Certainly, the strike wave of 1959–62, of which the Imperial Valley lettuce strike was the most significant single event, did not end Public Law 78 immediately, but given the slow pace at which legislation usually responds to social reality, it didn’t take long for the workers’ movement to have its effect. Senators Eugene McCarthy and George McGovern first introduced legislation to end the program in 1960. California’s Senator Claire Engle, visiting Mexico during the Imperial Valley strike in 1961, told Mexican legislators that largely because of the strike he did not expect the Bracero Program to be renewed again by the U.S. Congress.26 In 1963 the program barely got enough votes to continue. In 1964, it passed only after its proponents promised that this would be its last year. Even Time magazine in 1961 got the story better than the historians who now claim that “farm labor activity during the early 1960s was comparatively weak and ineffective.” At the end of its six-paragraph article on the Imperial Valley strike Time concluded, “With a foot in the ranchers’ gate, the unions are now hoping to kick the gate down.”27
Cesar Chavez was a minor player in the 1960–61 Imperial Valley strike. He had come to the valley as the executive director of Community Service Organization, the job he had taken after he left Oxnard. John Soria remembers seeing him at some of the picket lines and at the big rallies, quietly taking them in. But Chavez did more than that. He helped organize local Mexican Americans into what he called the Committee to Advance the Valley Economy. The group circulated a petition supporting the workers’ right to organize and issued leaflets detailing how much money the Imperial Valley was losing because braceros sent their wages back to Mexico.

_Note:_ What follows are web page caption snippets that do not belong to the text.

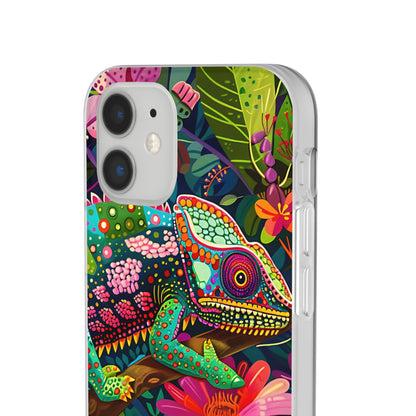 chamelion bold, bright Phone Case | Slimline Phone Case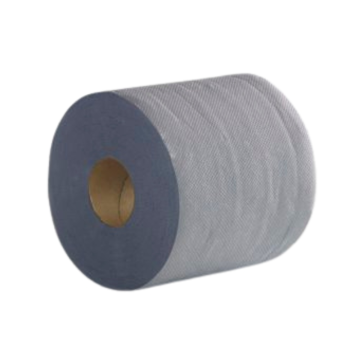 Sirius Blue Roll Centrefeed 2 ply 500 Sheets Embossed (Pack 6)
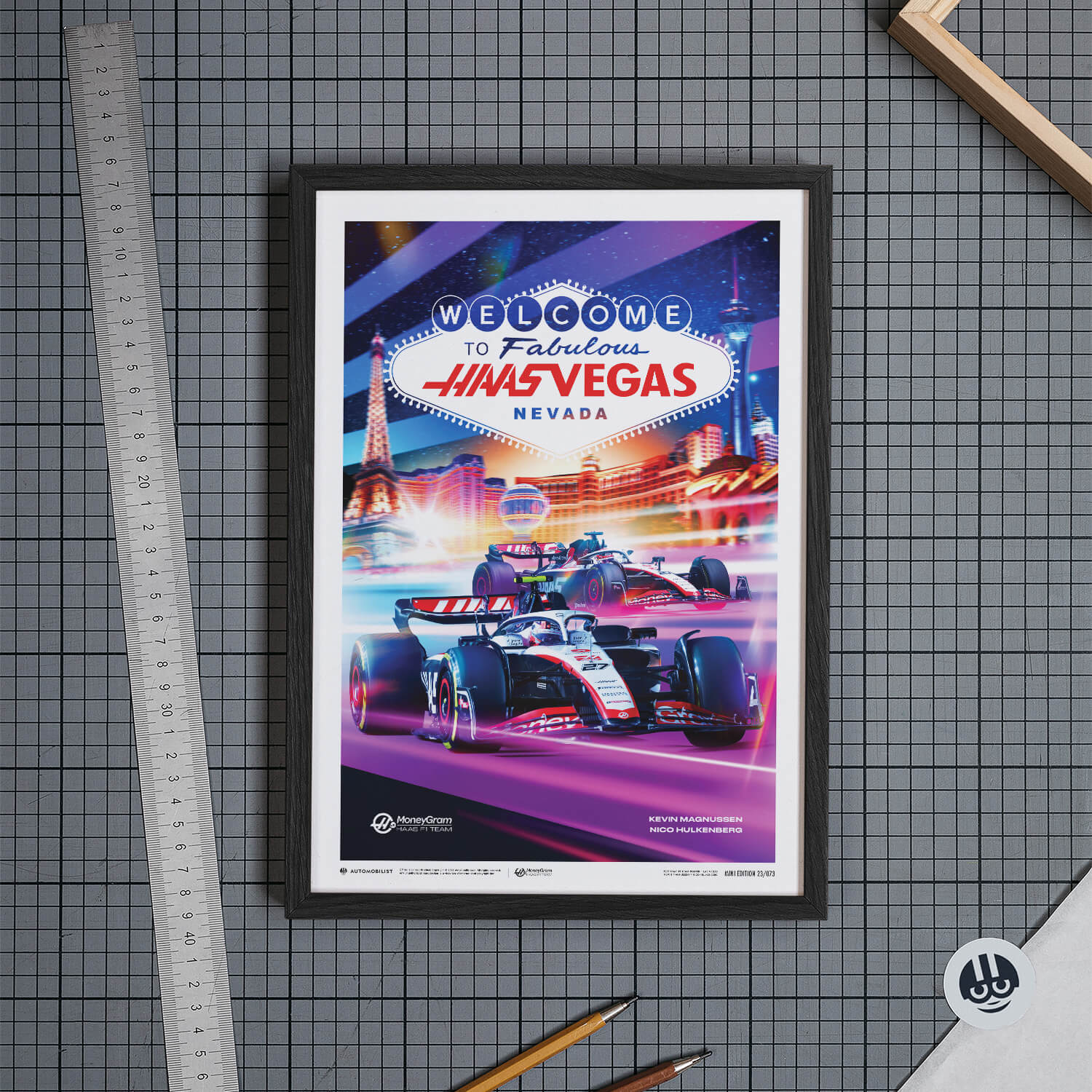 MoneyGram Haas F1 Team - Las Vegas Grand Prix - 2023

It also picketed the grower-sponsored Citizens to Save the Harvest when mostly wives and children of the growers made some widely publicized but ineffectual attempts to pack lettuce in the struck fields. Less than a year later, as strikes continued to batter California growers and formal labor organizing was in disarray, Chavez returned to the Imperial Valley for the CSO’s annual convention. He tried to convince the delegates, many of whom he had brought into politics, to commit CSO resources to organizing farm workers. When the delegates refused, he resigned, abruptly leaving the organization that he had been building for ten years. Bud Antle was not the only man in California to guess the shape of the future.